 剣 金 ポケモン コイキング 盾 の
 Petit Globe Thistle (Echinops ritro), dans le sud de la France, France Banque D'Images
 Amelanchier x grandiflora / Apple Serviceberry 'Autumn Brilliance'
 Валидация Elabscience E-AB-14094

==

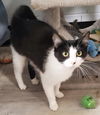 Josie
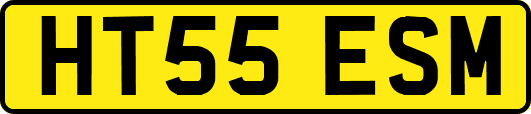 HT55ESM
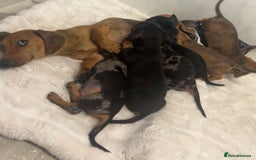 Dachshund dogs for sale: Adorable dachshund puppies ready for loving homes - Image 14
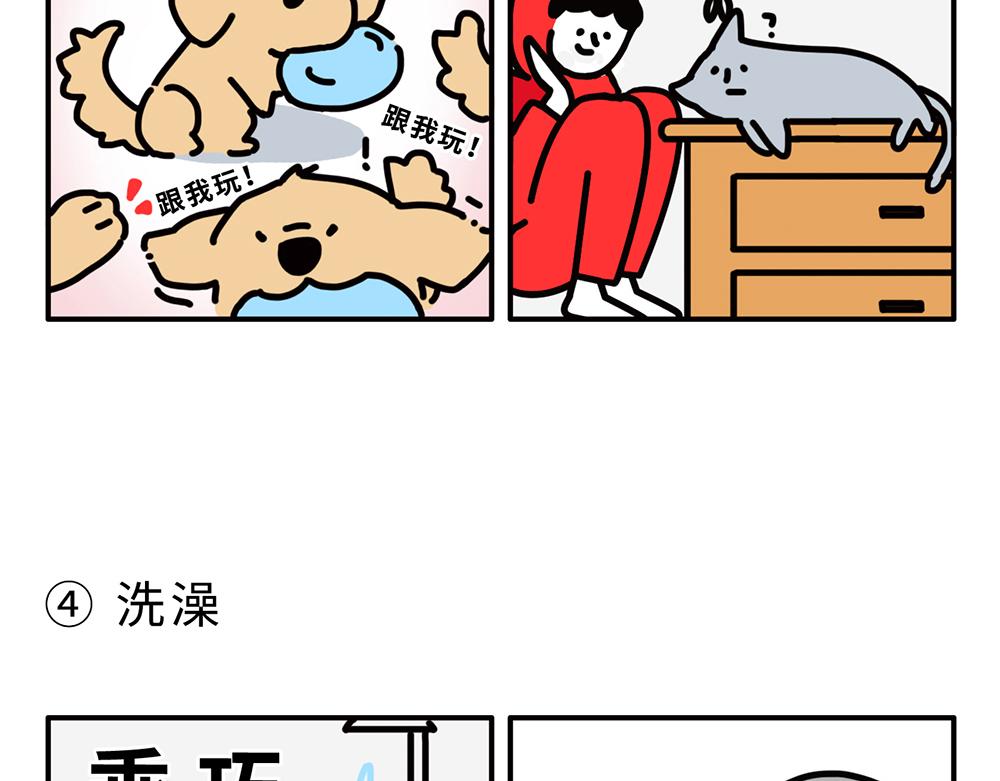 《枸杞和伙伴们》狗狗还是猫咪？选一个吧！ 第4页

---

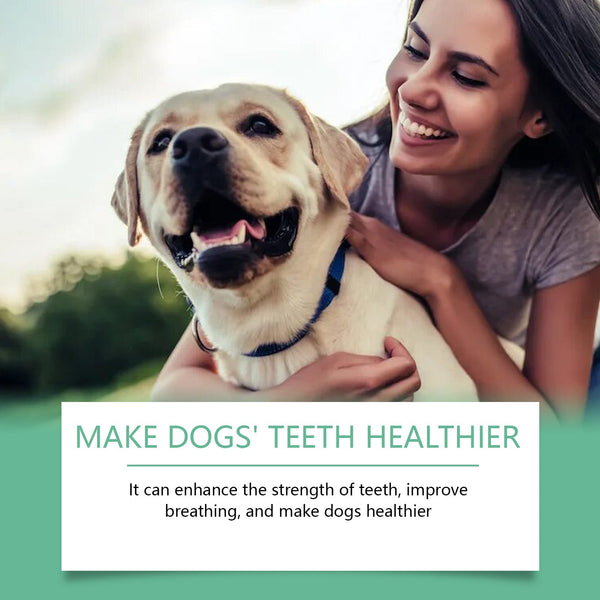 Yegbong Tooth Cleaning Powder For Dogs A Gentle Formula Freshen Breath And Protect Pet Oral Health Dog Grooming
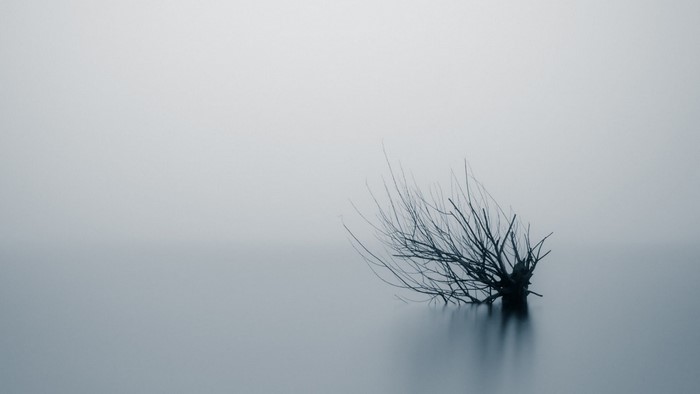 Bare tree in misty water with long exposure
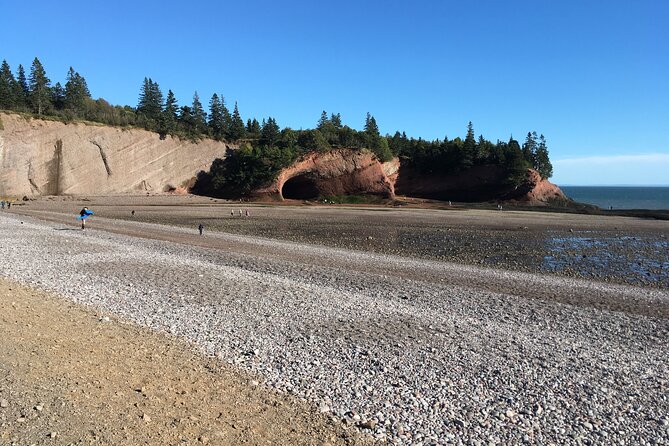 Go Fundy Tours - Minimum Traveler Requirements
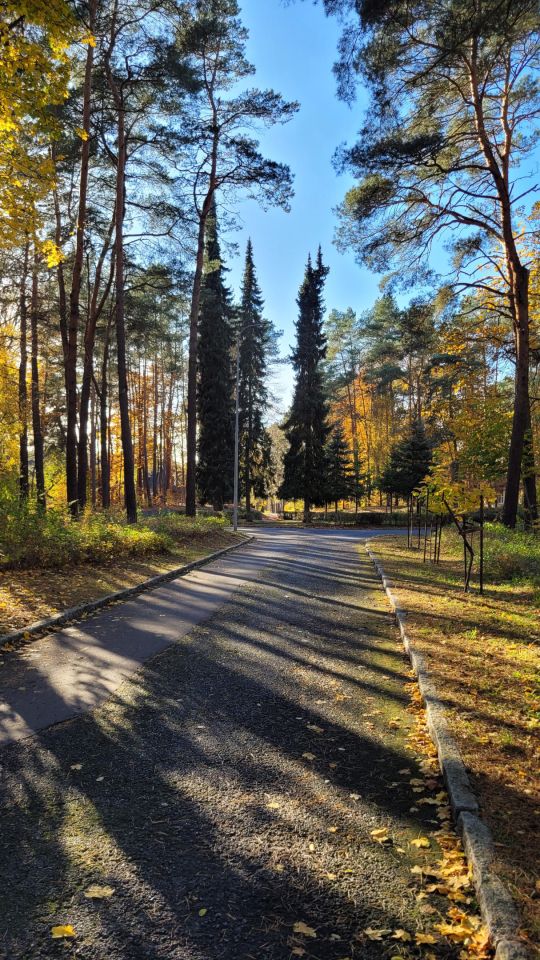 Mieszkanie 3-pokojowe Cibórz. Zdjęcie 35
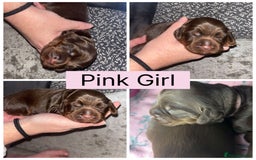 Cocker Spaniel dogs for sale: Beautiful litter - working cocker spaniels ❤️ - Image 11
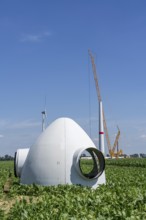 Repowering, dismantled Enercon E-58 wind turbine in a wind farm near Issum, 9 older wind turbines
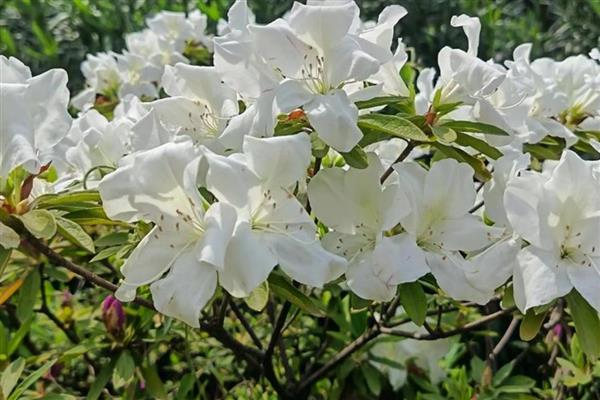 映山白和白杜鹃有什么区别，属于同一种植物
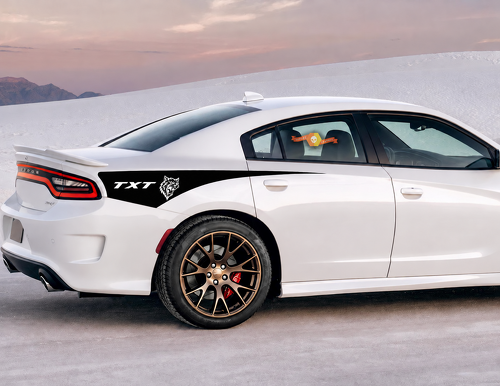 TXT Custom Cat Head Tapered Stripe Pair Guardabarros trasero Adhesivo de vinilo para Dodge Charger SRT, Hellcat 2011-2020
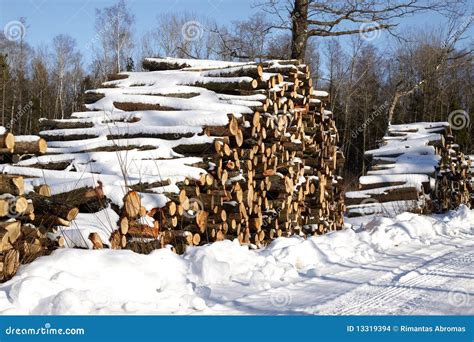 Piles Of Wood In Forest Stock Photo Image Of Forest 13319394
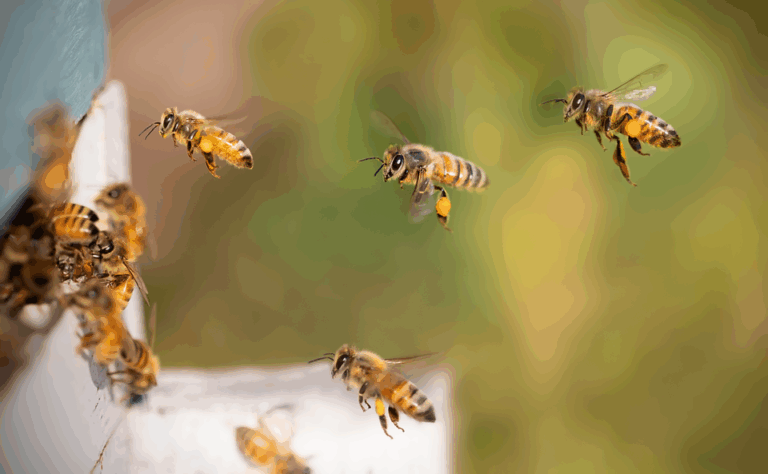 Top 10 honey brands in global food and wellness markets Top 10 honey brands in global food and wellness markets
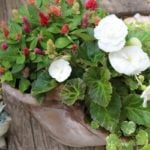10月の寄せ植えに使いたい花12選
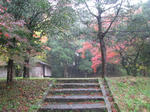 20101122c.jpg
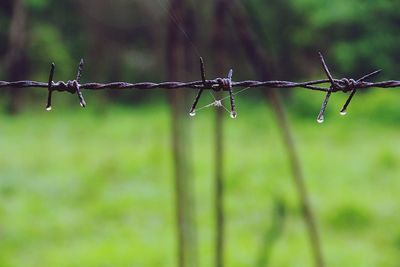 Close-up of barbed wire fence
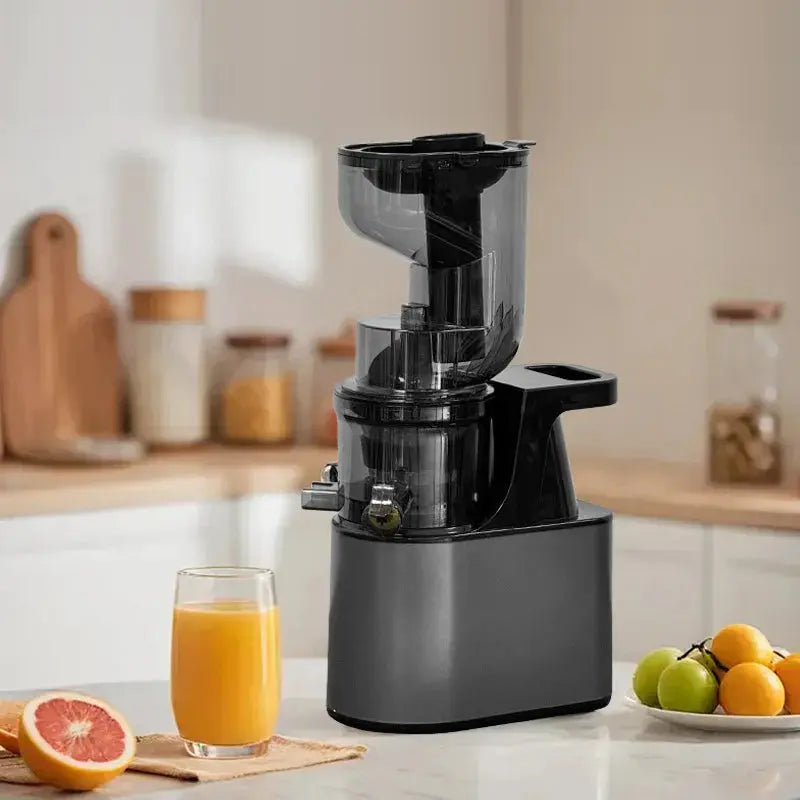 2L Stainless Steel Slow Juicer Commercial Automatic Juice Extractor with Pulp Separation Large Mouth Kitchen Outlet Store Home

EXERCISE OBJECTIVE: Reproduce exactly, and only, the part of the listing above that begins at the line with "剣 金 ポケモン コイキング 盾 の" and goes on through the line with "Валидация Elabscience E-AB-14094".

RESPONSE TO THE TASK:
 剣 金 ポケモン コイキング 盾 の
 Petit Globe Thistle (Echinops ritro), dans le sud de la France, France Banque D'Images
 Amelanchier x grandiflora / Apple Serviceberry 'Autumn Brilliance'
 Валидация Elabscience E-AB-14094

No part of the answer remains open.